Antonio Mazzitelli
Un forziere ampelografico piccolo piccolo (3.261 km quadrati l’intera regione); incastonato a Nord-Ovest sulle Alpi Occidentali, onusto dei picchi innevati del Cervino, del Monte Rosa, del Gran Paradiso e di sua maestà il Monte Bianco. Punteggiata di castelli, forti, chiese, monumenti romani, la Valle d’Aosta è attraversata da una delle arterie della fede, la Via Francigena. Espressione di un sincretismo culturale a partire dal bilinguismo italo-francese, fino ad arrivare all’utilizzo del franco-provenzale, del Walser e di altri idiomi di ceppo teutonico quali il Töitschu e il Titsch.
A fronte di tanta complessità antropologico-culturale, si deve necessariamente aggiungere una clamorosa biodiversità ampelografica: seppur giocato su numeri esigui rispetto alla produzione nazionale (circa 336 ettari di superficie vitata, di cui più del 60% situata in montagna, per una produzione di circa 25.000 ettolitri), la Valle d’Aosta presenta uno scacchiere di vitigni e tipologie veramente notevole.
Una storia che parte da lontano, dalla conquista romana in epoca augustea e che, con alterne vicende (superando anche i flagelli dell’oidio, della peronospora e della fillossera), arriva ai giorni nostri; nel 1971-72 i vini Donnas ed Enfer d’Arvier ottengono la Doc, mentre nel 1985 si ottiene la Doc regionale (Valle d’Aosta o Vallée d’Aoste Doc), che racchiude tutte le produzioni di qualità del territorio.

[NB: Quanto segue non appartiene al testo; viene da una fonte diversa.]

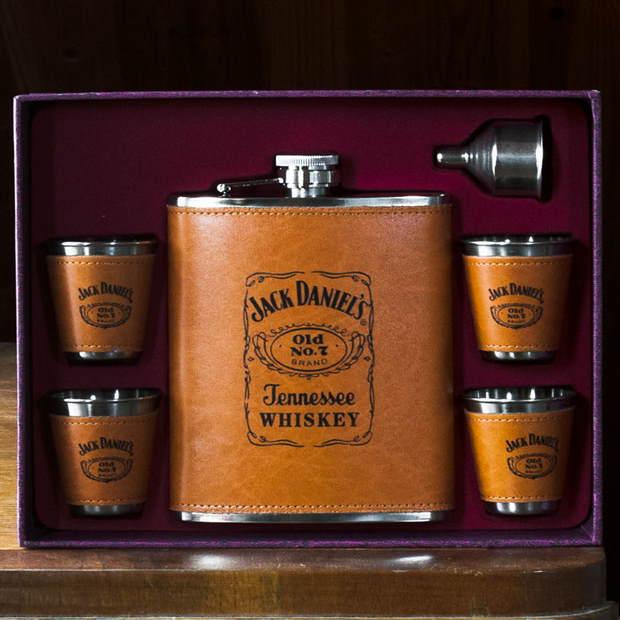 Набор с фляжкой и стопками Макси Jack Daniels - фото 4 - id-p158808747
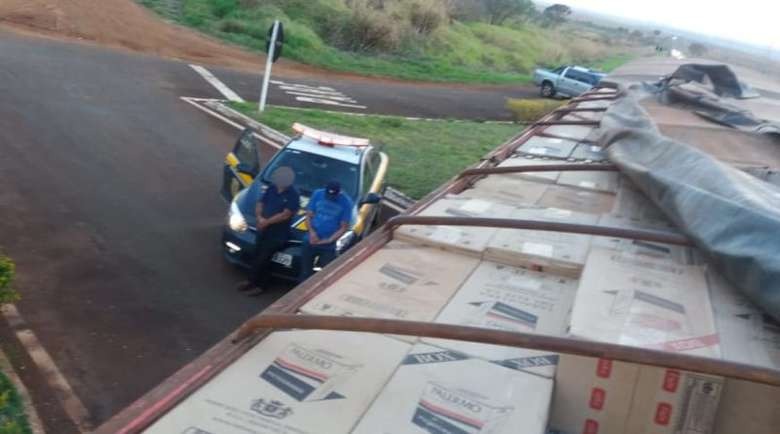 PRF apreende 800 mil maços de cigarros na BR-463 PRF apreende 800 mil maços de cigarros na BR-463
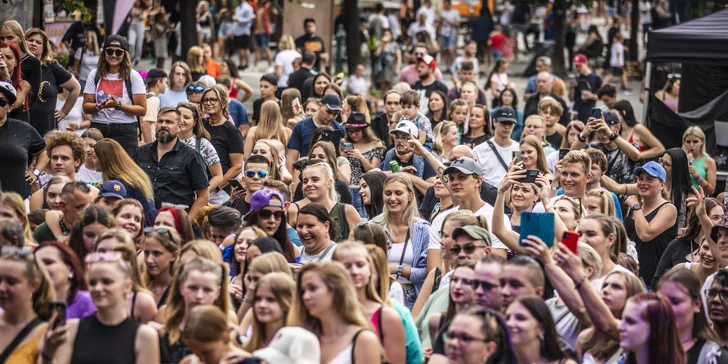 Vstupenka na Déjà vu fest: vystoupí Jakub Děkan, Olga Lounová, Kapitán Demo i Rytmus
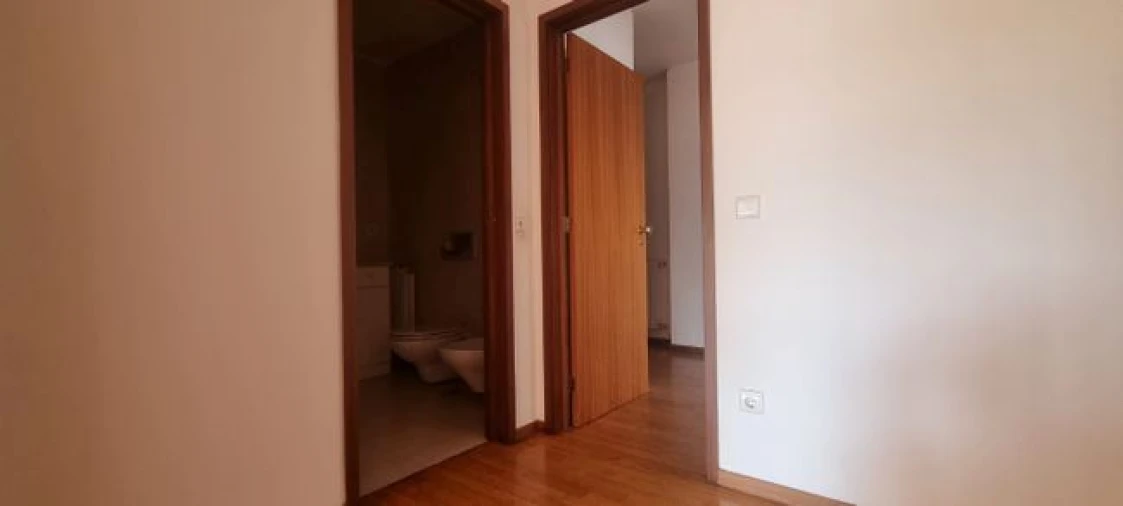 Apartamento T2 para Venda em Cidade da Maia Foto 11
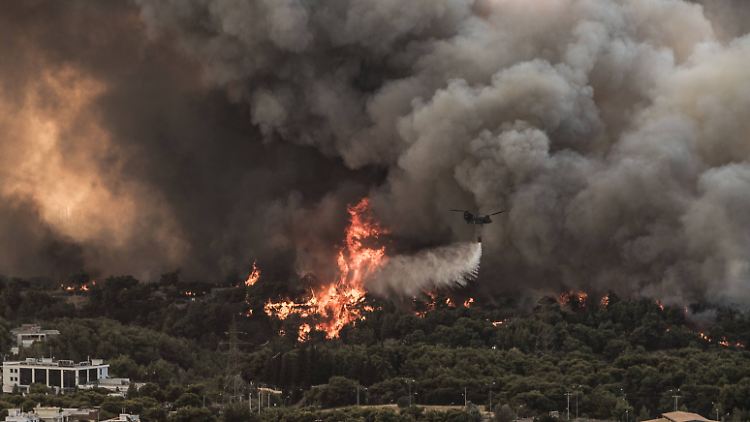 In Europa wird die Temperatur dem IPCC zufolge künftig stärker steigen als im weltweiten Durchschnitt. Häufigkeit und Intensität von Hitzeextremen werden weiter zunehmen.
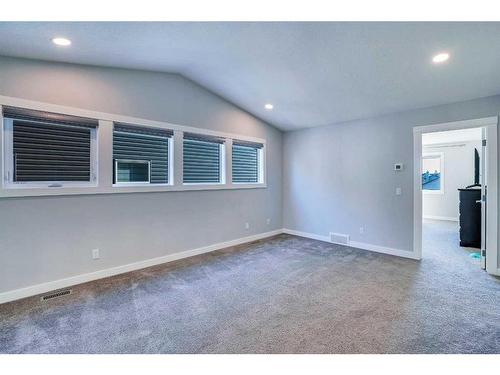 937 Midtown Avenue Sw, Airdrie, AB - Indoor Photo Showing Other Room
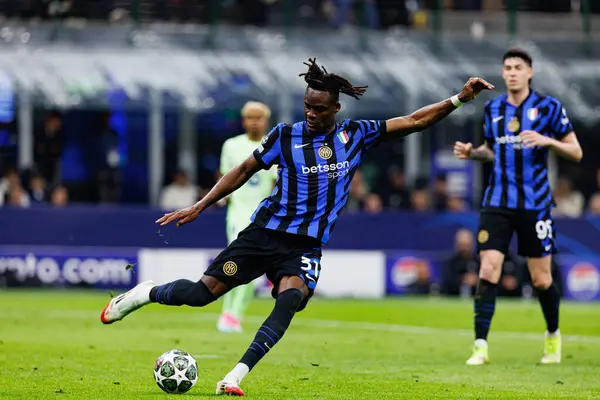 Yann Bisseck UEFA Şampiyonlar Ligi yarı final maçında Internazionale Milano ve FC Barcelona (Maciej Rogowski) takımları arasında görüldü.)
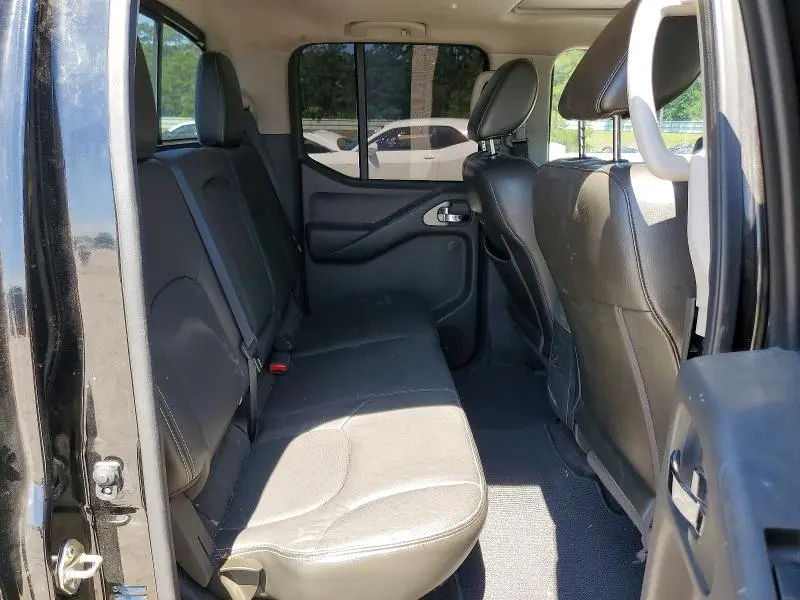 2016 NISSAN FRONTIER PRO-4X  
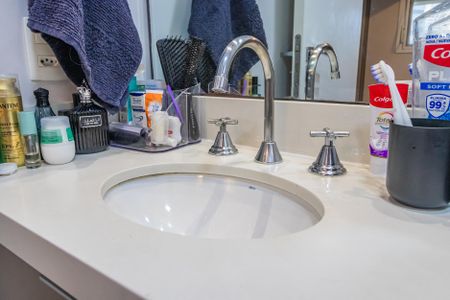 Apartamento à venda com 92m², 2 quartos e 2 vagasBanheiro da Suíte 2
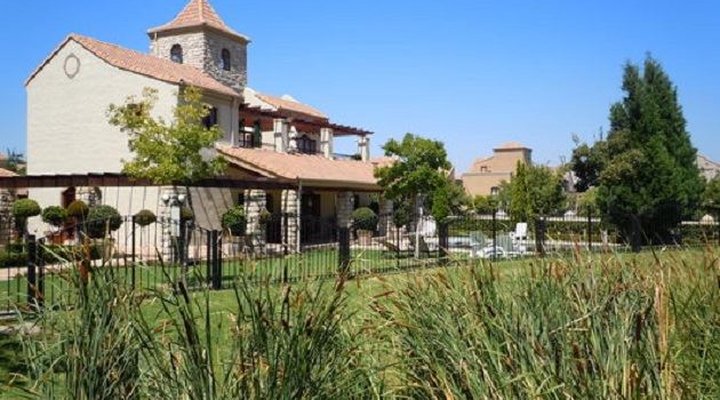 Lonehill Village Estate, No 60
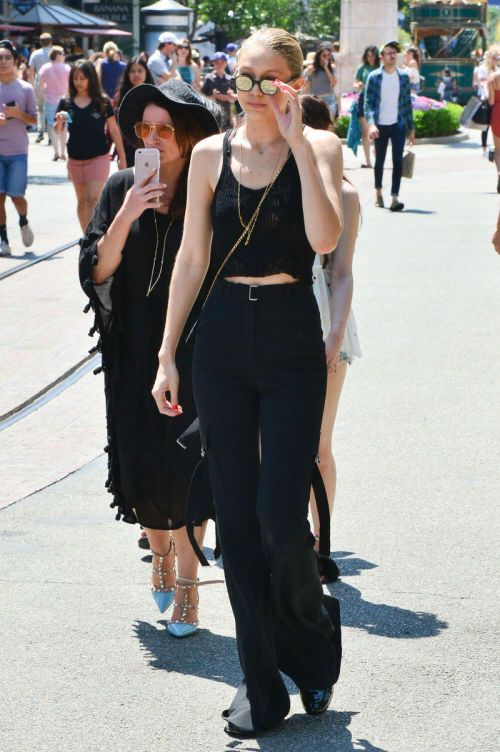 Gigi Hadid Shopping Stills at The Grove in Los Angeles 3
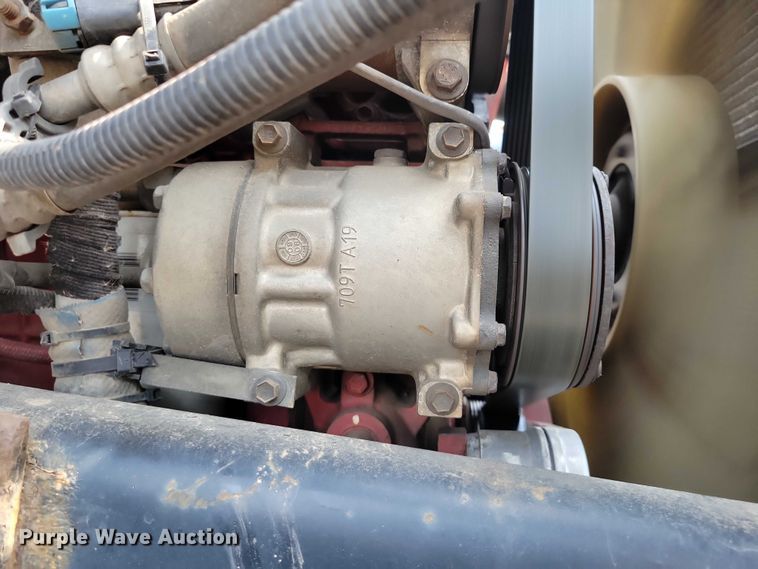 image for item DX7258 2010 Ford F650 shuttle bus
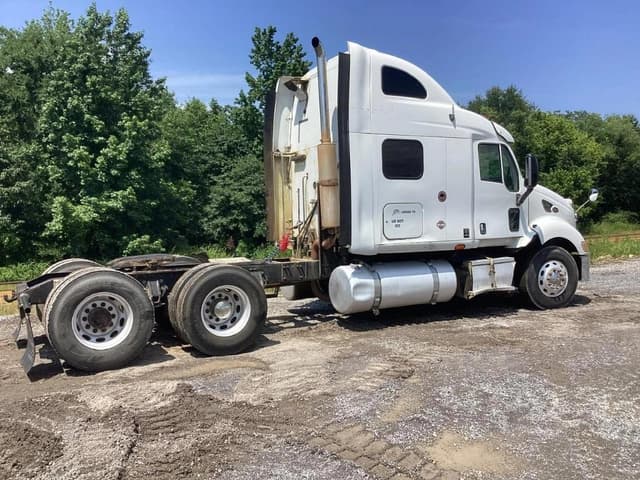 Image of Peterbilt 387 equipment image 3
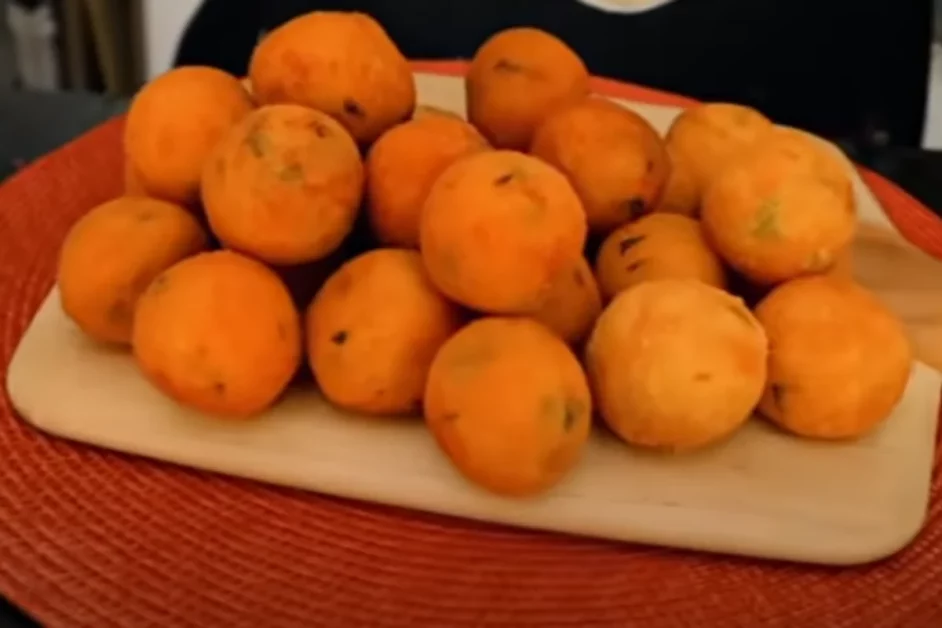 Bolinho de Mandioca Recheado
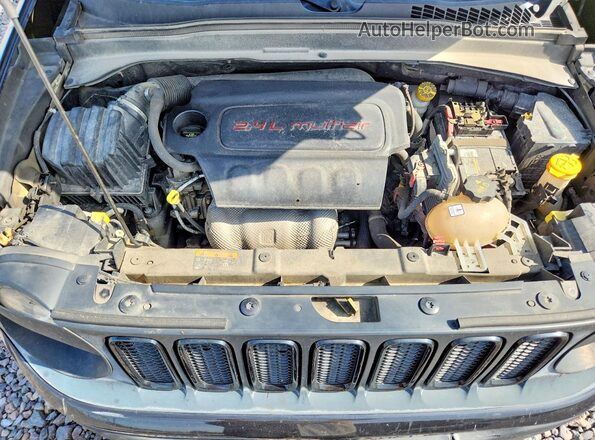 ZACCJBBT1GPD04584 2016 JEEP RENEGADE Black Սալոնի հետևի տեսք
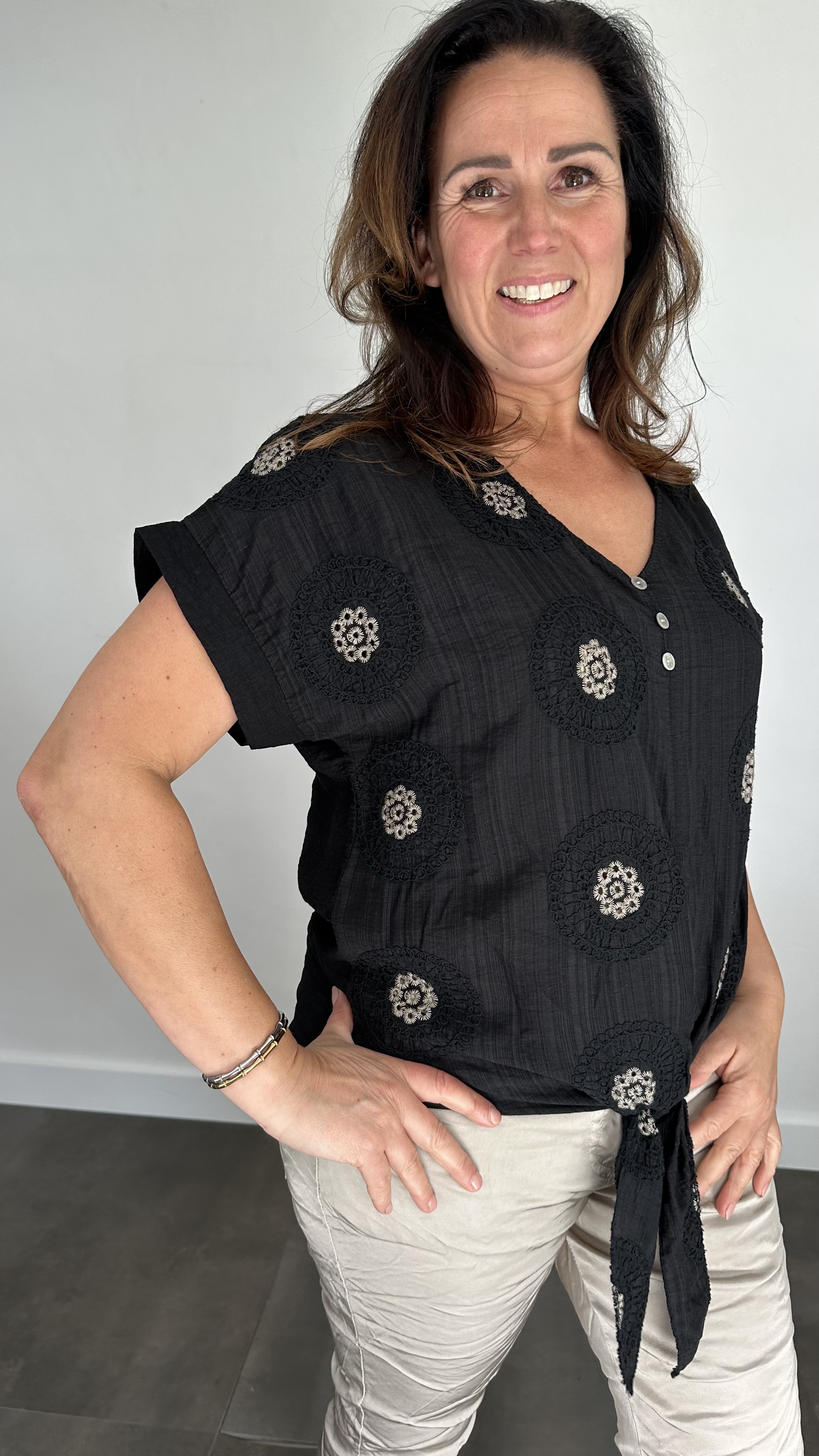 Top met knoop geborduurd zwart
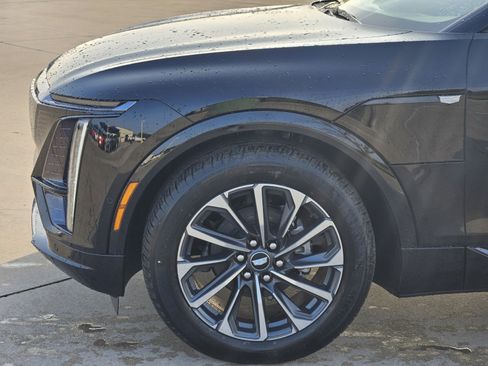 New 2026 Cadillac Lyriq Sport w/ LPO, Floor Liner Package AWD/4WD image 6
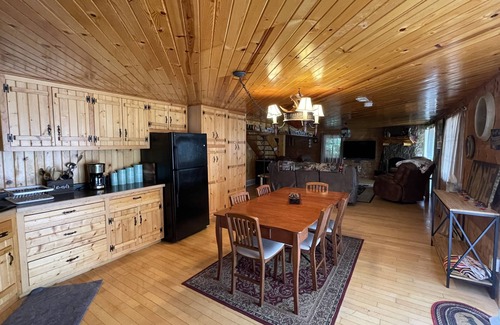 Harpers Ferry Cabin | Inviting Moose Lodge Cabin: Family-Friendly Retreat Awaits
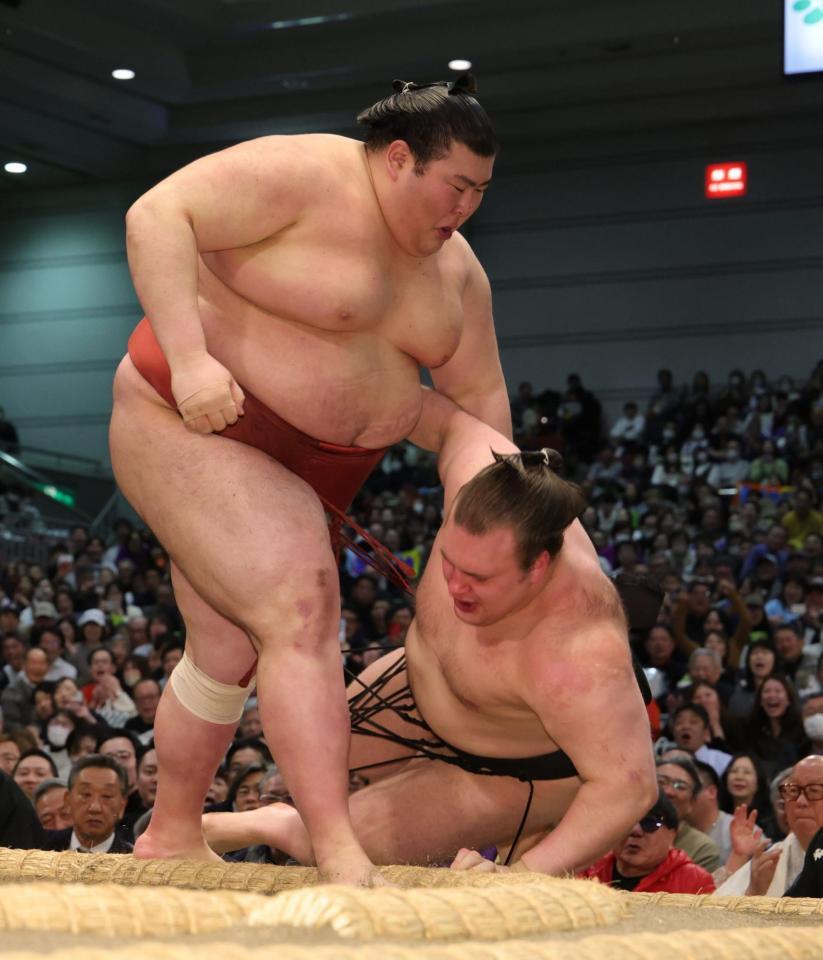 上手投げで安青錦（右）を破った熱海富士（撮影・坂部計介）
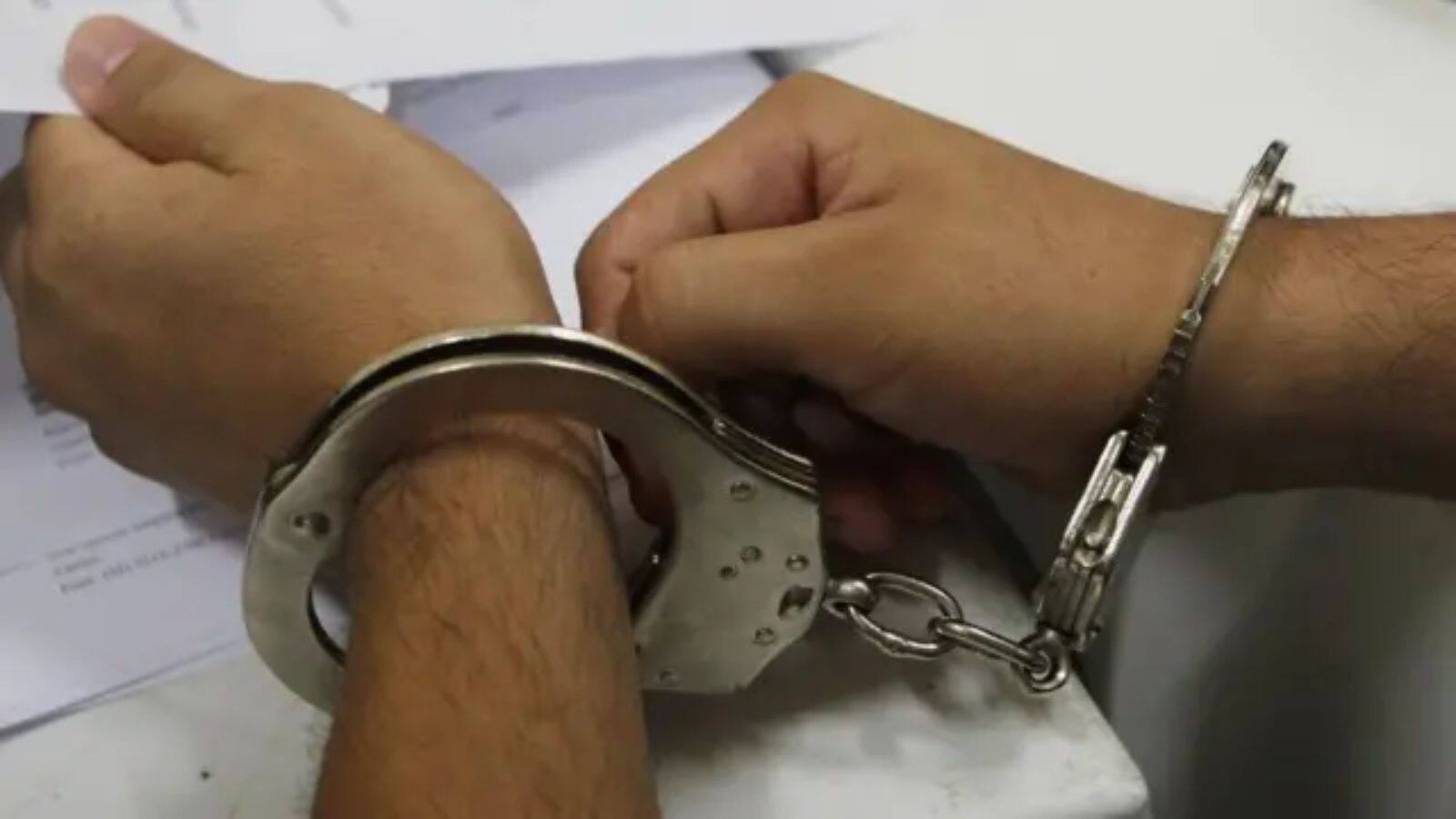 National-महाराष्ट्र की IPS अधिकारी रश्मि करंदीकर के पति को मुंबई पुलिस की EOW ने किया गिरफ्तार, लगा धोखाधड़ी का आरोप – #INA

Partiamo dal factotum: la Dora Baltea, l’unico fiume italiano a completo regime nivo -glaciale (quindi con abbondante portata in tutte le stagioni), che con le sue valli taglia la regione. Dal fiume, a raggiera, partono le 7 sottodenominazioni di area della Doc: Blanc de Morgex et de La Salle, Enfer d’Arvier, Torrette, Nus, Chambave, Arnad-Montjovet e Donnas. Si possono utilizzare anche 15 sottodenominazioni di vitigno.